--- INFORMATION SHOWN ---

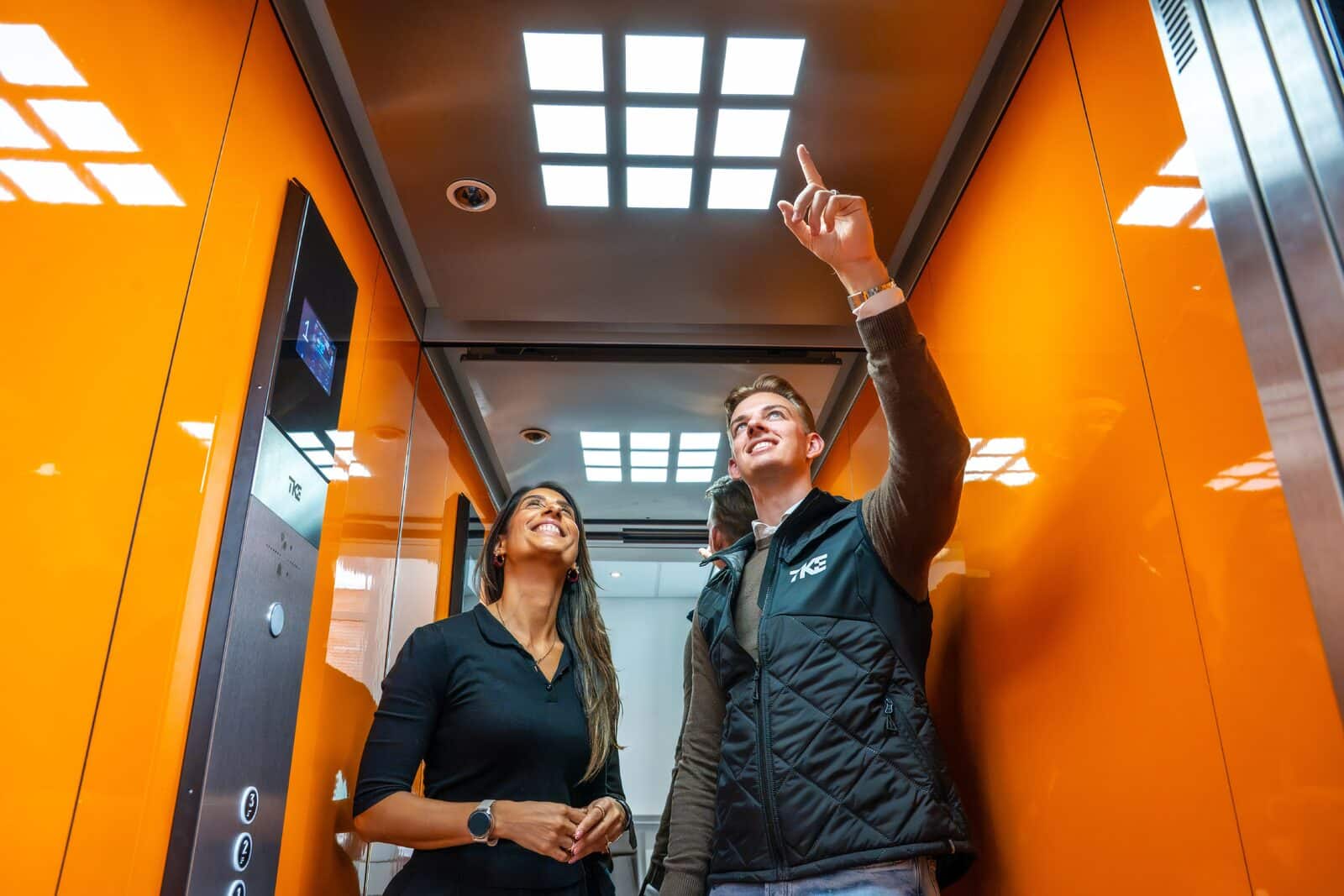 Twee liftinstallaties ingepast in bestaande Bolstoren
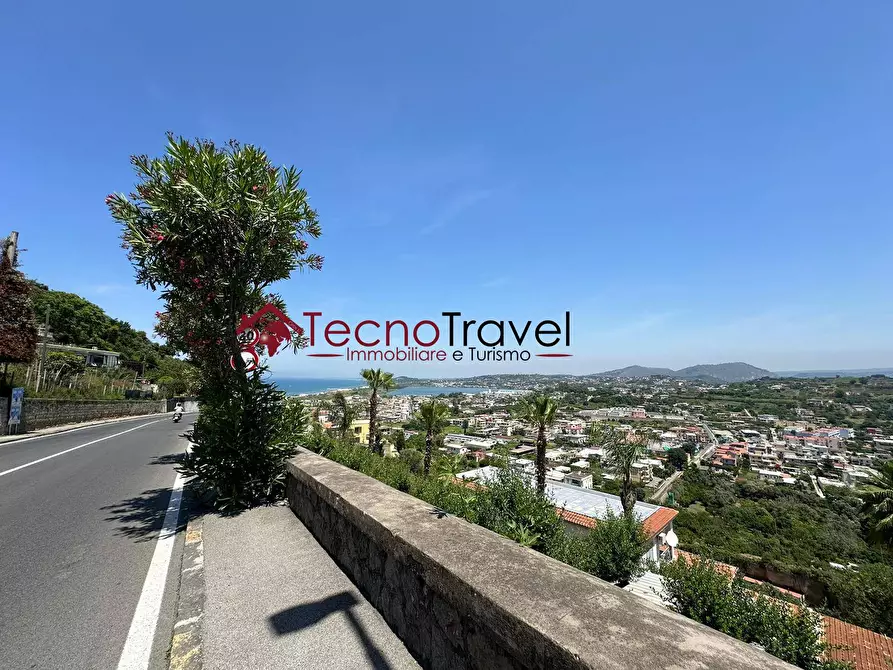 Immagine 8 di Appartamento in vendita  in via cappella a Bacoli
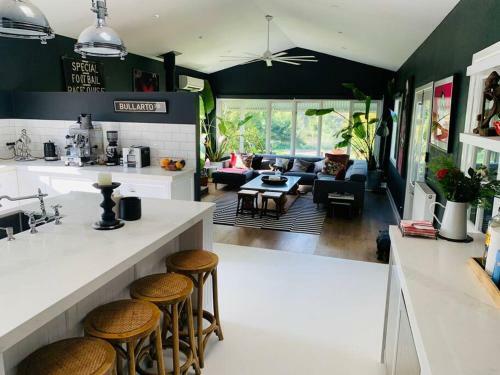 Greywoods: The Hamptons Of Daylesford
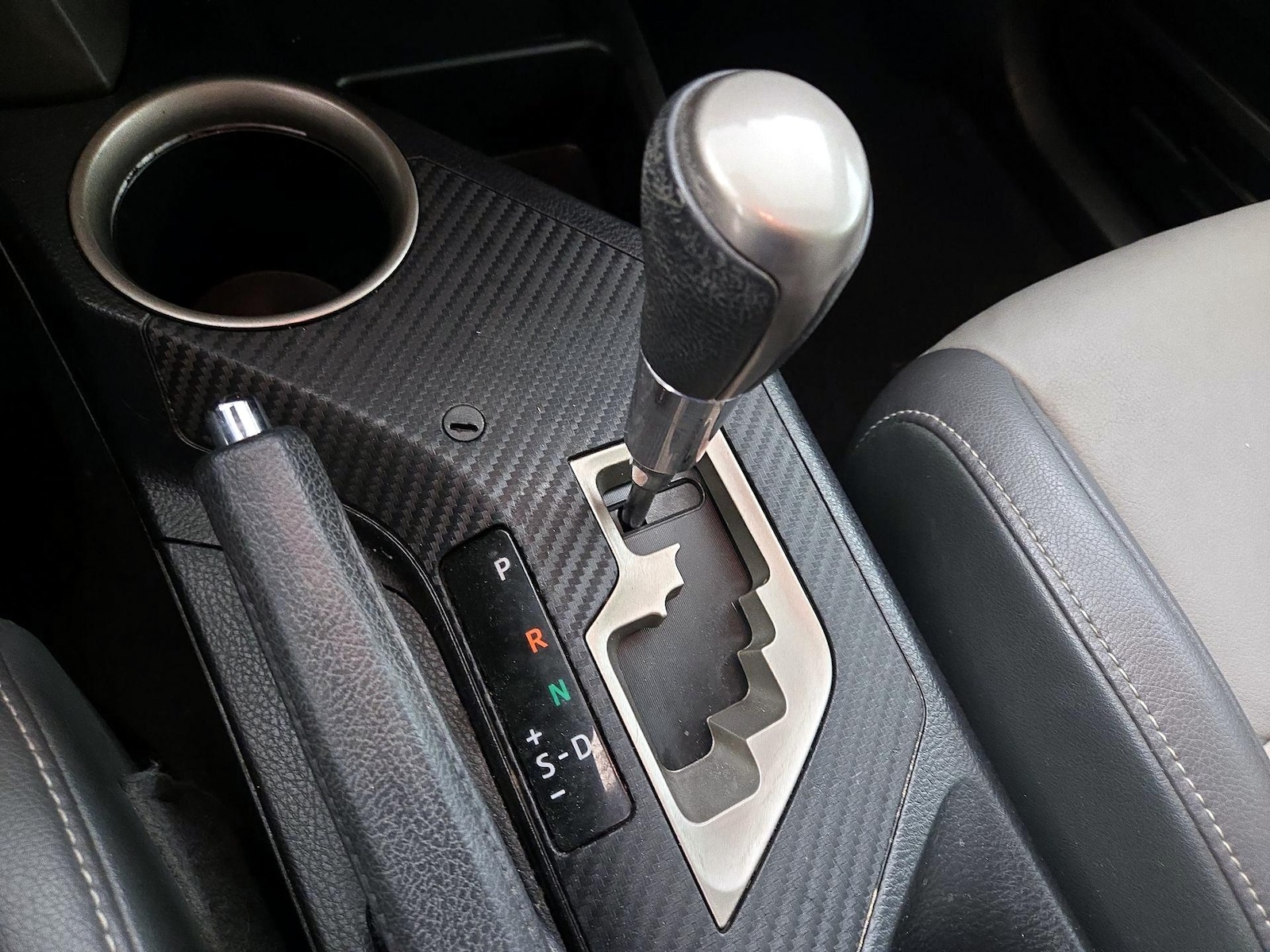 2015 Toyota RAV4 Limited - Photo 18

---

AIM OF THE TASK
Print the listing word for word but skip its pictures.

WRITTEN SOLUTION
 Twee liftinstallaties ingepast in bestaande Bolstoren
 Immagine 8 di Appartamento in vendita  in via cappella a Bacoli
 Greywoods: The Hamptons Of Daylesford
 2015 Toyota RAV4 Limited - Photo 18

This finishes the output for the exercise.